Any pictures in the records below must be left out when you repeat the lines from the line containing "Bálint Antónia kibuggyanó" through the line containing "소프트 레더 바게트백 숄더백 트렌디 정장룩 캐주얼룩 DYD2+4gKh" exactly.

ENTRIES SHOWN:
----

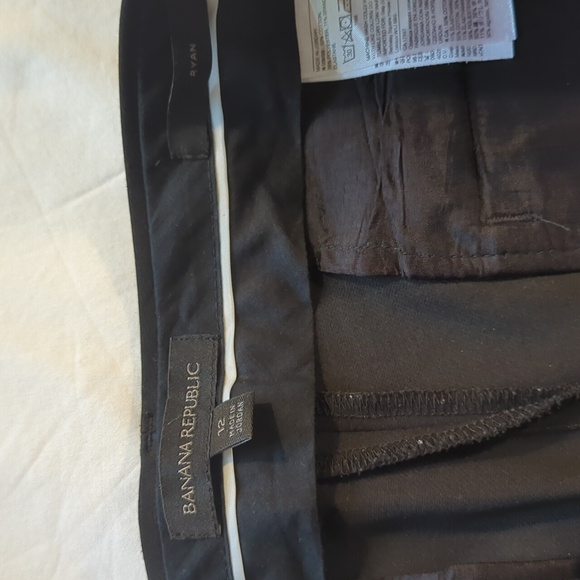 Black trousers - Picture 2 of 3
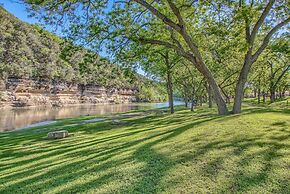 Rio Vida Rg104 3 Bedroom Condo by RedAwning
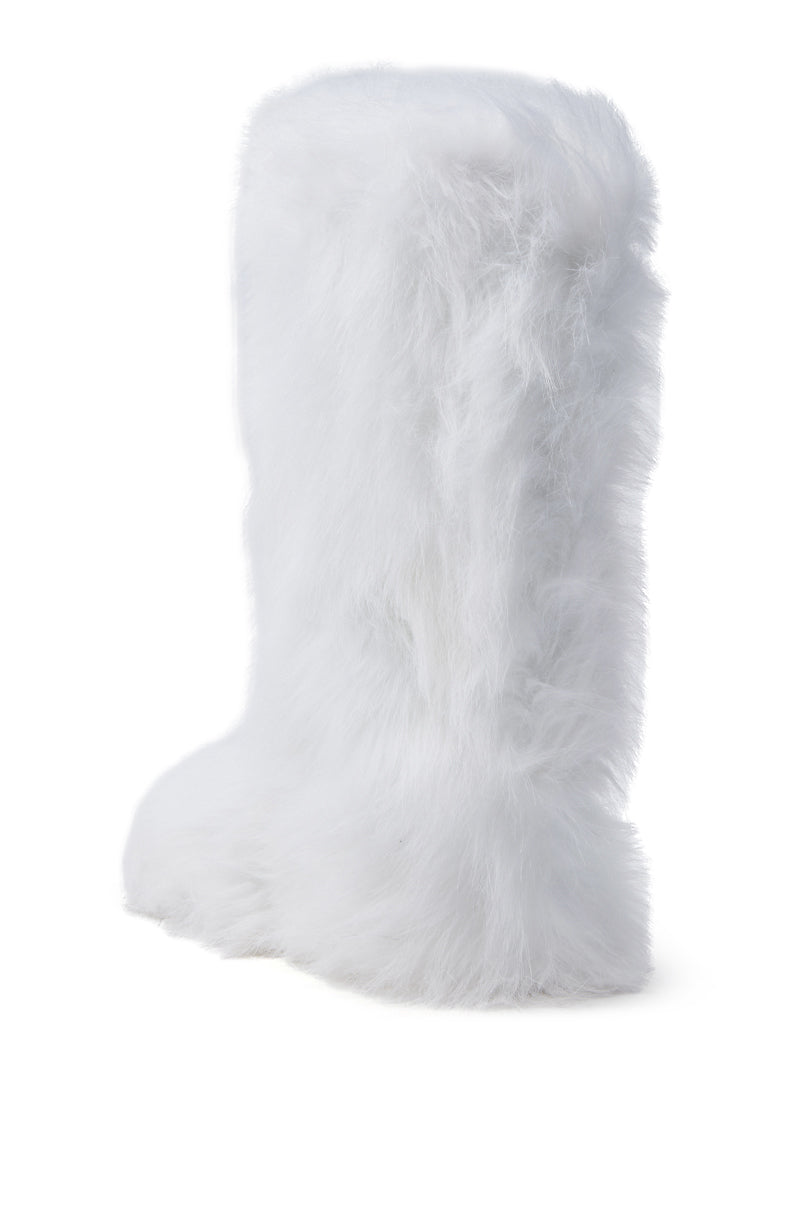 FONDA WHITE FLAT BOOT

----

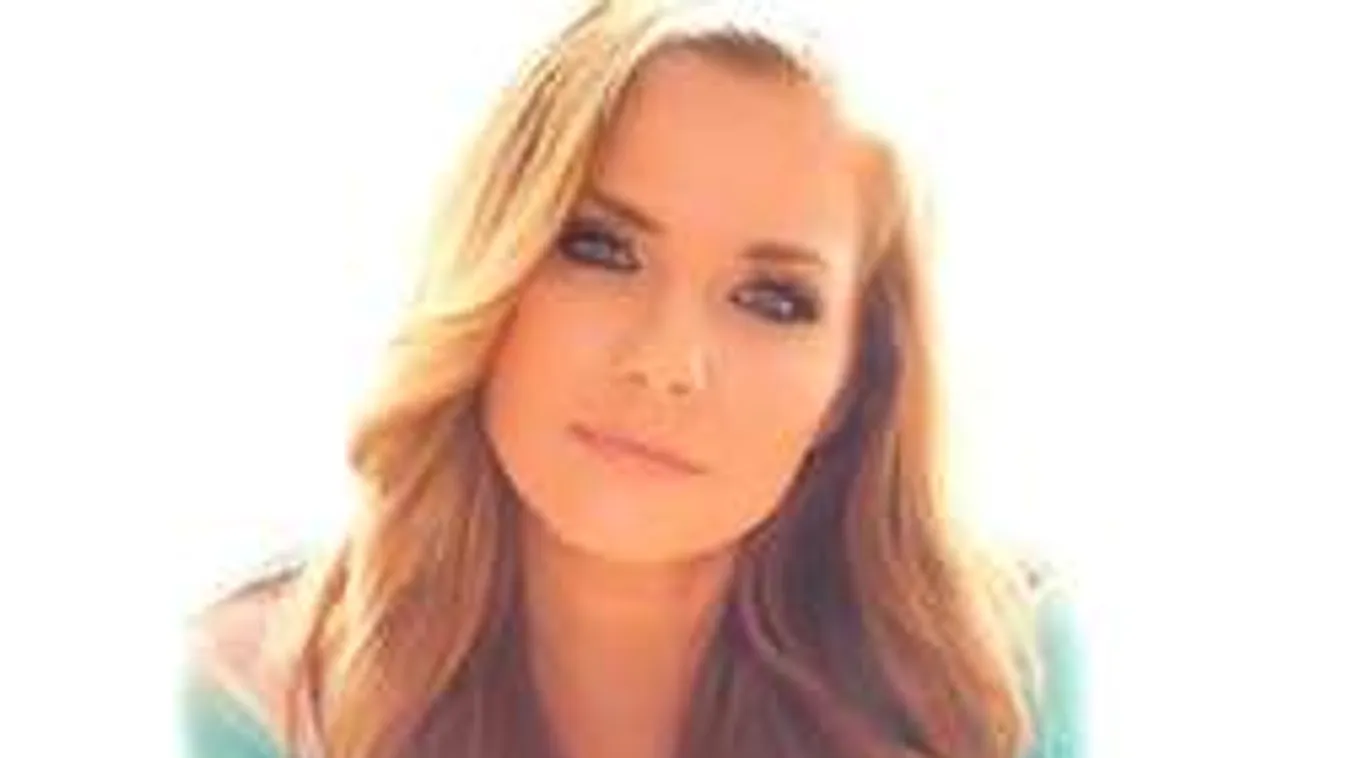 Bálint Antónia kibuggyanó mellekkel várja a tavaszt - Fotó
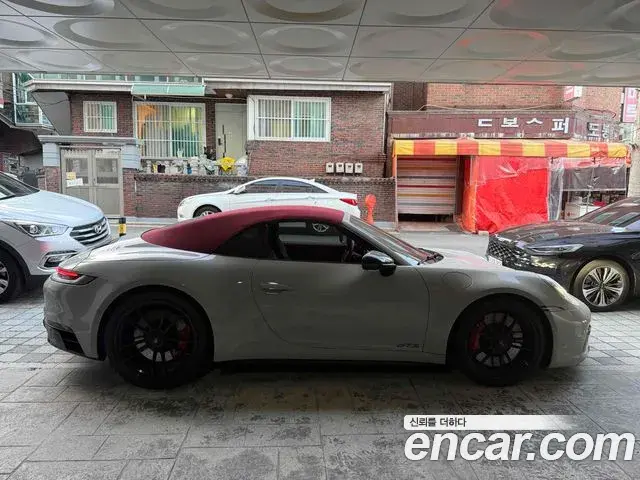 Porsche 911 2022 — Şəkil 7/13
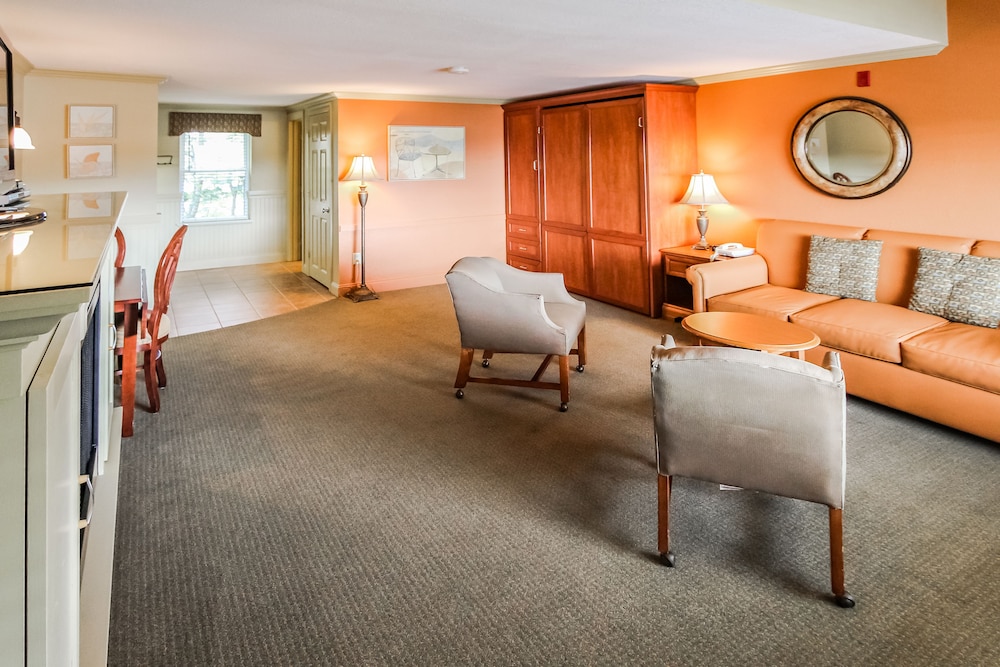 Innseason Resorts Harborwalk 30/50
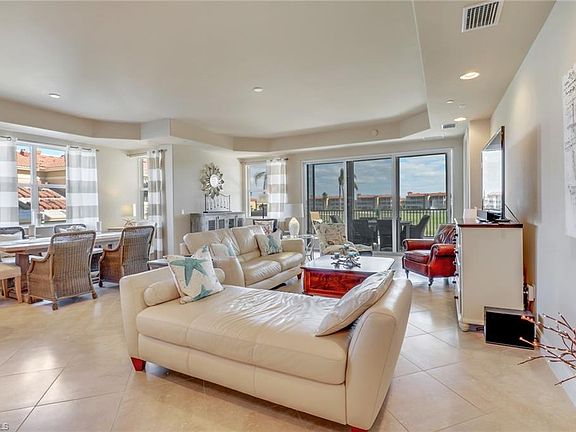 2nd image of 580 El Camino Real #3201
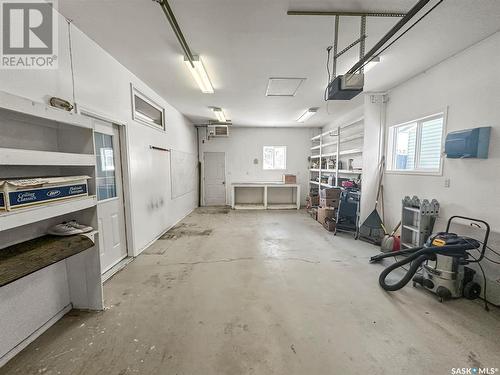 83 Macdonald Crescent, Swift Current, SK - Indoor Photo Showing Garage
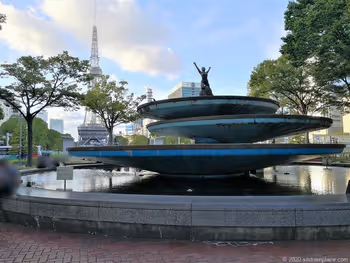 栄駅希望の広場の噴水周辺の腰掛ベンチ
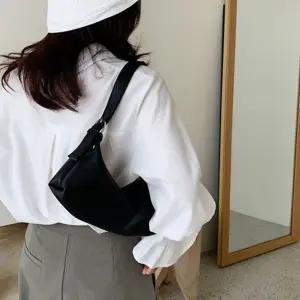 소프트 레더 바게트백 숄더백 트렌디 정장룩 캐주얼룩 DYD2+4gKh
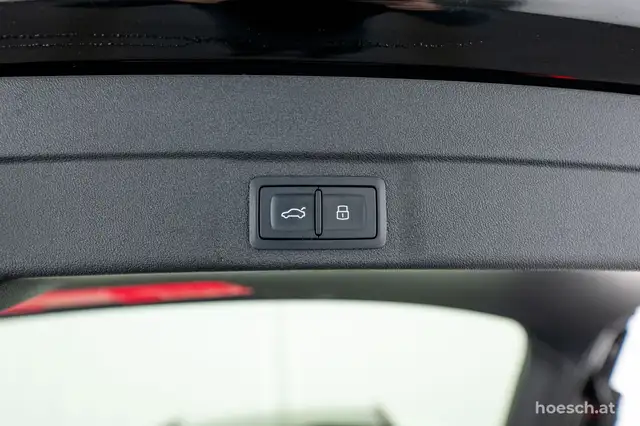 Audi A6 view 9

----

RESPONSE TO THE TASK:
 Bálint Antónia kibuggyanó mellekkel várja a tavaszt - Fotó
 Porsche 911 2022 — Şəkil 7/13
 Innseason Resorts Harborwalk 30/50
 2nd image of 580 El Camino Real #3201
 83 Macdonald Crescent, Swift Current, SK - Indoor Photo Showing Garage
 栄駅希望の広場の噴水周辺の腰掛ベンチ
 소프트 레더 바게트백 숄더백 트렌디 정장룩 캐주얼룩 DYD2+4gKh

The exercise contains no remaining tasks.